Perversely, however, the existential questions thrown up around the union by Brexit – and Sinn Fein’s repeated calls for a border poll – will likely ensure that 8 June is a much better day at the office for unionism than 2 March.
The nationalist vote in March was boosted both by Brexit and what’s best described as the crocodile effect – a sectarian reaction to Arlene Foster’s belligerence towards the nationalist community. There is every reason to believe that, with Irish unity on the agenda like never before, and Adams leading the Sinn Fein line, that the unionist cause will receive a “reverse crocodile” boost in June (a number of DUP MPs have told me they expect this to happen). Co-operation between the DUP and UUP delivered several gains in 2015 and will allow for consolidation of the unionist vote. Similarly, while formal pacts between Sinn Fein and the SDLP won’t happen, the Brexit factor will likely ensure tactical nationalist voting secures their three seats.

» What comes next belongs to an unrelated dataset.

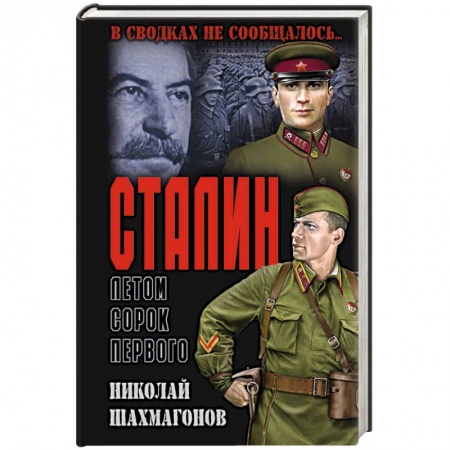 Военный роман, книга Сталин летом сорок первого заказать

There remains one factor that could substantially complicate the picture: another Assembly election. Among early reaction from Westminster was the suggestion that, with power-sharing talks untenable, an emboldened Sinn Fein could now demand a new Stormont poll for the same day as the general. It is doubtful that the UUP – struggling for relevance and reduced to just 10 seats in March – would cooperate with the DUP while attempting to claw back support from them on another front. The SDLP and UUP’s unspoken alliance at the Assembly election is also worth bearing in mind. A united unionist front is far from a foregone conclusion.
Beyond this, there remains the fundamental question of whether the 18 Northern Irish MPs will matter very much in the next parliament at all. While the Conservatives’ slender post-2015 majority has allowed the DUP’s eight MPs to wield outsized influence at Wesminster, May will have little need to court them come June. This throws up intriguing questions about Brokenshire’s future. Parliamentary arithmetic has necessitated a close relationship between the government and DUP; doing so has meant the secretary of state has exhausted the trust and goodwill of many nationalist politicians.
Brokenshire is deemed out of his depth by the Stormont establishment and by an increasing number of his own party. Should the Tories win a landslide, the DUP management aspect of his role will have disappeared – but questions over his supposed partiality, justified or not, will still remain. His continued presence could prove a barrier to a new settlement after the election – at which point Northern Ireland will have been without a devolved executive for almost six months. The government are loth to give Sinn Fein a scalp. But with a transition to direct rule by stealth already in train, could he be replaced come a victory reshuffle?